■ **ACTIVITY**: Below this line is the material. Write out only its lines from the one containing "Ariane Kunze/The Columbian" through the one containing "Discovery Middle School", both kept, exactly.

---------- SOURCE MATERIAL

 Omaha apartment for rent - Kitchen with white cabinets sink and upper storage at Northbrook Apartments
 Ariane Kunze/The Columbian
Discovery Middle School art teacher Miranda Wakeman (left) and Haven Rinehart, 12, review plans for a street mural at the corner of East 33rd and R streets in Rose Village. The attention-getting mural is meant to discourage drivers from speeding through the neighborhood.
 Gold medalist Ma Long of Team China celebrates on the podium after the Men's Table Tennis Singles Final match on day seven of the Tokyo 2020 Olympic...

--------------------

■ **EXERCISE OUTPUT**:
 Ariane Kunze/The Columbian
Discovery Middle School art teacher Miranda Wakeman (left) and Haven Rinehart, 12, review plans for a street mural at the corner of East 33rd and R streets in Rose Village. The attention-getting mural is meant to discourage drivers from speeding through the neighborhood.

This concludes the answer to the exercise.